Go way back in time at the Ħal Saflieni Hypogeum
Malta doesn’t just have a lot of history, but a lot of pre-history. This Neolithic complex in Paola, Malta was unearthed in 1901 and dates back to 3000 BC. Archeologists believe it was a necropolis, housing the remains of over 7,000 people. Though there are many prehistoric archeological sites scattered around the country, this one is widely seen as being the best preserved example of a Maltese temple since its underground. Others, like Ħaġar Qim and the Ġgantija temples are above ground, though they’re still popular places to visit.
Swim in the clear blue waters of the Blue Lagoon
This is probably the only super packed tourist attraction in the world that I would wholeheartedly recommend despite the crowds. Located in the small island of Comino, the Blue Lagoon has sparkling blue clear shallow waters with a sandy floor. It’s beautiful from a boat, from the cliffs of Comino, and from its own icy waters. It’s also kind of a party, so have a drink and enjoy the shitshow.
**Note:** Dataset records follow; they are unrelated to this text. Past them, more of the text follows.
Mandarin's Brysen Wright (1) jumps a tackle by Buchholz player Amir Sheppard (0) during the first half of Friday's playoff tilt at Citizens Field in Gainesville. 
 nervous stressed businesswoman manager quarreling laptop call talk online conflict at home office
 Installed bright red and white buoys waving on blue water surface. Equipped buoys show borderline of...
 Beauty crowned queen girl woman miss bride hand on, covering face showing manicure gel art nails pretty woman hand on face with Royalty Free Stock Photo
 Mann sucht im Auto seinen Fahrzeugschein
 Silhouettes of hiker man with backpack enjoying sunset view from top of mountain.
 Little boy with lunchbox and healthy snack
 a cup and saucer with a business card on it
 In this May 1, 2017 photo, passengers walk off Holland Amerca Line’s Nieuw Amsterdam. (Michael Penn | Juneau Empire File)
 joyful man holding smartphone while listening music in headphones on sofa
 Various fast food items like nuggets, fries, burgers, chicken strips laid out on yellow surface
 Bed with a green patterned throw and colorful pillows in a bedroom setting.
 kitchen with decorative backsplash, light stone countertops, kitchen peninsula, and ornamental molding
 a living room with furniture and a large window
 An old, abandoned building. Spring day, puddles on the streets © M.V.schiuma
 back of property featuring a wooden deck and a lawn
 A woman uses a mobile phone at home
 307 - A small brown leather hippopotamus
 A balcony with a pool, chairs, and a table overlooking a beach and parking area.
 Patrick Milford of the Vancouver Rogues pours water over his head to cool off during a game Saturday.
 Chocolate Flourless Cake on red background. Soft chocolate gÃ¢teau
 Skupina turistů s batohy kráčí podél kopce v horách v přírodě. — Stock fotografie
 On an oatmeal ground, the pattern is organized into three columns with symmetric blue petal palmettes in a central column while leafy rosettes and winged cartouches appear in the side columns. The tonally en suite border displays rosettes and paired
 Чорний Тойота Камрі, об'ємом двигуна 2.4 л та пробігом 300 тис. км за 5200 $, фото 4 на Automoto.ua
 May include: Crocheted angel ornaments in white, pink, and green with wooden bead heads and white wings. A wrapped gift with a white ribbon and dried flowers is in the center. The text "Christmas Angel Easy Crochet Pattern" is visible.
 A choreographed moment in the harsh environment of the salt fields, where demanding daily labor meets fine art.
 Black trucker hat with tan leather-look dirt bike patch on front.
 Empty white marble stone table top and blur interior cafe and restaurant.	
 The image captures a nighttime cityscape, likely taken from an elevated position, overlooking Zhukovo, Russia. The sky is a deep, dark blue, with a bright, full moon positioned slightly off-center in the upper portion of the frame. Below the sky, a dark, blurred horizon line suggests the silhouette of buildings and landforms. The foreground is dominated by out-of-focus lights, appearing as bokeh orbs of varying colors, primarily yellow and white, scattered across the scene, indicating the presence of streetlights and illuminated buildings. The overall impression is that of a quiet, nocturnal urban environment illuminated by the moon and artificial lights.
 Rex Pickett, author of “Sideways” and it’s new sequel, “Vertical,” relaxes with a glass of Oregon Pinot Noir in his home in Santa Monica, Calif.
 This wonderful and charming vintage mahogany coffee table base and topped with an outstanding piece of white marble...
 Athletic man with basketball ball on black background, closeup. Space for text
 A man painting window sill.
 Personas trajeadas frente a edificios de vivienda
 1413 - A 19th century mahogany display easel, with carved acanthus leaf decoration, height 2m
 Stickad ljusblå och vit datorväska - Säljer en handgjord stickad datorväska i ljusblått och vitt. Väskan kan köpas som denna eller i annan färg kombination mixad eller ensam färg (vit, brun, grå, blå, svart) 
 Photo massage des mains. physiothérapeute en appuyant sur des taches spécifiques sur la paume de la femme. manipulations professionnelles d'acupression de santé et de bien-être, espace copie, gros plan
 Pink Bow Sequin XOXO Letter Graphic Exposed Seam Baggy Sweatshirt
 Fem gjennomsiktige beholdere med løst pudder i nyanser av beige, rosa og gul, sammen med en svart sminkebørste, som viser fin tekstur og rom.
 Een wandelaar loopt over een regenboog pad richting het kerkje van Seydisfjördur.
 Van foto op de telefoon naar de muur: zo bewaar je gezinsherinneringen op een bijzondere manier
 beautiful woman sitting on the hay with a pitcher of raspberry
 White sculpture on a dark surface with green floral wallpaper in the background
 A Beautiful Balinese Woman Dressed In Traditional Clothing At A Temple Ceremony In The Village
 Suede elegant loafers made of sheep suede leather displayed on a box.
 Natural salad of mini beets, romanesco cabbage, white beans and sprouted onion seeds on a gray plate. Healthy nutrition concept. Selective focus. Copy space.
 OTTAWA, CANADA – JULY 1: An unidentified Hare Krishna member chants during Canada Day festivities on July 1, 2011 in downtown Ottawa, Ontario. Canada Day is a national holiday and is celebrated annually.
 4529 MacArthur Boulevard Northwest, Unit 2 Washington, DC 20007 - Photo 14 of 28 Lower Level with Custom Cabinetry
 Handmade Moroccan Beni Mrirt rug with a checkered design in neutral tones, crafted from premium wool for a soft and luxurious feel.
Explore the island of Gozo
Gozo is the largest of the Maltese islands (not including Malta itself), and in many ways it’s a smaller version of Malta. You’ll find some beautiful architecture, ancient archaeological sites and beaches. One of Gozo’s most popular sandy beaches is Ramla Bay, which is overlooked by Calypso’s Cave, believed to be the cave in Homer’s Odyssey. Gozo is also home to dramatic seaside cliffs, like those at Sannap and Dwejra Bay (previously the home of the Azure Window, which was lost to a storm).
Visit the set of Popeye
Before Game of Thrones came around and started claiming all sorts of sites around Malta, another classic hero called Malta home: Popeye. The 1980 musical starring Robin Williams was filmed on a seaside set built for the movie near Mellieħa. It’s currently a theme park, Popeye Village. Aside from movie props that can be seen inside some of the houses, you can also take a boat trip around Anchor Bay.
Relax by the sea
If you’re in Malta, or thinking of visiting Malta, you probably went in search of a seaside escape – where you could lay out under the sun and listen to the water crash against the rocks. There’s absolutely no shortage of this in Malta, because you can’t escape the ocean no matter where you are. There are a couple of popular sandy beaches in Mellieħa and St. Paul’s Bay, like Golden Bay and Mellieha Bay. Many people are content to sit back on any edge they find, even if it’s rocky. Or better yet, sip cocktails at a restaurant that overlooks the water.
Though deceptively small, trying to see all of the unique things Malta has to offer is probably just as impossible as trying to see all of the US in a week. But take it easy; you’re in the Mediterranean. There’s no room for stress here.